BISQL – Laymen to SQL Developer # 19 – Record Storage and Primary File Organization #4 – Hashing Techniques
Hi Folks,
This post is part of Series Database Management Systems
Currently running topic for this series is listed as below :
Series of Database Management Systems
>>Chapter 1 : DBMS [Database Management Systems]
>>Chapter 2 : Database Core Concepts and Applications
>>Chapter 3 : Record Storage and Primary File Organization <You are Here>
Continuing from my previous post on this series, If you have missed any link please visit link below
We are going to Cover the Following Points in this article
- Hashing Techniques
Hashing Techniques
One disadvantage of sequential file organization is that we must use linear search or binary search to locate the desired record and that results in more i/o operations. In this there are a number of unnecessary comparisons. In hashing technique or direct file organization, the key value is converted into an address by performing some arithmetic manipulation on the key value, which provides very fast access to records
Let us consider a hash function h that maps the key value k to the value h(k). The VALUE h(k) is used as an address.
The basic terms associated with the hashing techniques are:
1) Hash table: It is simply an array that is having address of records.

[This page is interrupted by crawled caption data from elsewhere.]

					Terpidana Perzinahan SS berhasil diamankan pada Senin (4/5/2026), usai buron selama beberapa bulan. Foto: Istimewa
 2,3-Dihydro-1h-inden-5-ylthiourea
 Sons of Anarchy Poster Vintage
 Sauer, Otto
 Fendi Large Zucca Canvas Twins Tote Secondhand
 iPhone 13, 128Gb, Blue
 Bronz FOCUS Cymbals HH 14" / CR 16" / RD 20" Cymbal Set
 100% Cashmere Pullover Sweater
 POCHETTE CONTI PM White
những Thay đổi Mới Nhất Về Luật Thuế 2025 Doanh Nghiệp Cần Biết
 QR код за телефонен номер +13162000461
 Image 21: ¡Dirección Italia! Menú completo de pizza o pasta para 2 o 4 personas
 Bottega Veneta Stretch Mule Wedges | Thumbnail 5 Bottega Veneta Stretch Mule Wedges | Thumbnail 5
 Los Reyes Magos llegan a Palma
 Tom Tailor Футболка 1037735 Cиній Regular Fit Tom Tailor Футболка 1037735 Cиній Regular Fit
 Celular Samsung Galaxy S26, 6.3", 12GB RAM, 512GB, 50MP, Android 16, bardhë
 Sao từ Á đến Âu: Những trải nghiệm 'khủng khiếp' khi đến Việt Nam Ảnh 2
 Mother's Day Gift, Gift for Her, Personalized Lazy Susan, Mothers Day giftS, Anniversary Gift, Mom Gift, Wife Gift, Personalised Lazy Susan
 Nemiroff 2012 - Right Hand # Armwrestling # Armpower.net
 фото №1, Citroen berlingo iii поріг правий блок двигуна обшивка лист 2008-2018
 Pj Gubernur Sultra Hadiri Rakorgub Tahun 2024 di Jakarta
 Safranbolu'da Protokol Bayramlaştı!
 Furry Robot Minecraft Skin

2) Hash function: It is the transformation of a key into the corresponding location or address in the hash table (it can be defined as a function that takes key as input and transforms it into a hash table index).
3) Hash key: Let ‘R’ be a record and its key hashes into a key value called hash key.
Internal Hashing
For internal files, hash table is an array of records, having array in the range from 0 to M-1. Let as consider a hash function H(K) such that H(K)=key mod M which produces a remainder between 0 and M-1 depending on the value of key. This value is then used for the record address. The problem with most hashing function is that they do not guarantee that distinct value will hash to distinct address, a situation that occurs when two non-identical keys are hashed into the same location.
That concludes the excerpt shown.